また、樹木別の植生分布・林業関係・風習・谷戸の繋がりから銘木や探すと大変困難な太い柊(20cm前後)・良質な真竹やグミなどの植生のことも分かってきます。
水はけがよく、原生林に近い丘陵地や高台(穏やかな木質)や日本海の風の強い岩場近く(成長が遅く緻密で堅く締まり、すべりのよい材質)ですが、鉋台に使える捻じれのない素性のよい部分は、 一本/一尺五寸程)など、素性のよい原木を伐採後、適当な長さにに切り、(ヒビ割れ防止のために、特殊な芯貫きドリルを使うこともあります。)皮付きのまま小川に沈めて樹中の養分を抜くためと割れ防止のためしばらく小川の流れの中に沈めて、目通りに大割り(二つ割り・四つ割り)してからチョンナで整形後、一寸角/一年以上乾燥養生させて置きます。
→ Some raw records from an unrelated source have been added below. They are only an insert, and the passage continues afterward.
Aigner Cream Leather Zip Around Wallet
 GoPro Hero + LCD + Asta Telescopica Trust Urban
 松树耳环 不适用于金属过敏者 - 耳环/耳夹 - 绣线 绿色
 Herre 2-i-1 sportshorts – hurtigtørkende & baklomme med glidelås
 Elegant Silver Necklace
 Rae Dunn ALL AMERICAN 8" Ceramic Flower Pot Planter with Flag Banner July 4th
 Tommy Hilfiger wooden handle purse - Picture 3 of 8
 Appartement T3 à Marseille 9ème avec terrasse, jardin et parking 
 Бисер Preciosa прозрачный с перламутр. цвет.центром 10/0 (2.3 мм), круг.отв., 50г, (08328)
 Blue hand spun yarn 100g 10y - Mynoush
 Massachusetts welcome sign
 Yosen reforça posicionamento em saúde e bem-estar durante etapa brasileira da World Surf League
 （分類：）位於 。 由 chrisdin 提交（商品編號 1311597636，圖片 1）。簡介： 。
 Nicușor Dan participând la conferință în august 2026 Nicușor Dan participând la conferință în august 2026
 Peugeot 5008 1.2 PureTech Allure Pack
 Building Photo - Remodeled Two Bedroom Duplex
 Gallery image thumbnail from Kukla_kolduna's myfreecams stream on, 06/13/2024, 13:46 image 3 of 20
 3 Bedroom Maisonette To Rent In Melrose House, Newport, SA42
打ち割りしてチョンナで、はつると帯鋸による製材では分かり辛い木質のことが、よく分かったりします。
思うに実家に、樫で作られた昔の水屋(蝿帳付食器棚など)などの家具がありましたが、この時代の樫と今の樫を比べると、植生した環境と伐採してからの養生の枯らし方(乾燥)が違うのか、今の樫材は、それぞれに気候・風土・遺伝的にも違いはあると思いますが、成長が早いのか(気候の変動・温暖化?)木質の締まりが弱く、木目の繊維にもよい意味で、緻密さや力強さを感じることが少ないです。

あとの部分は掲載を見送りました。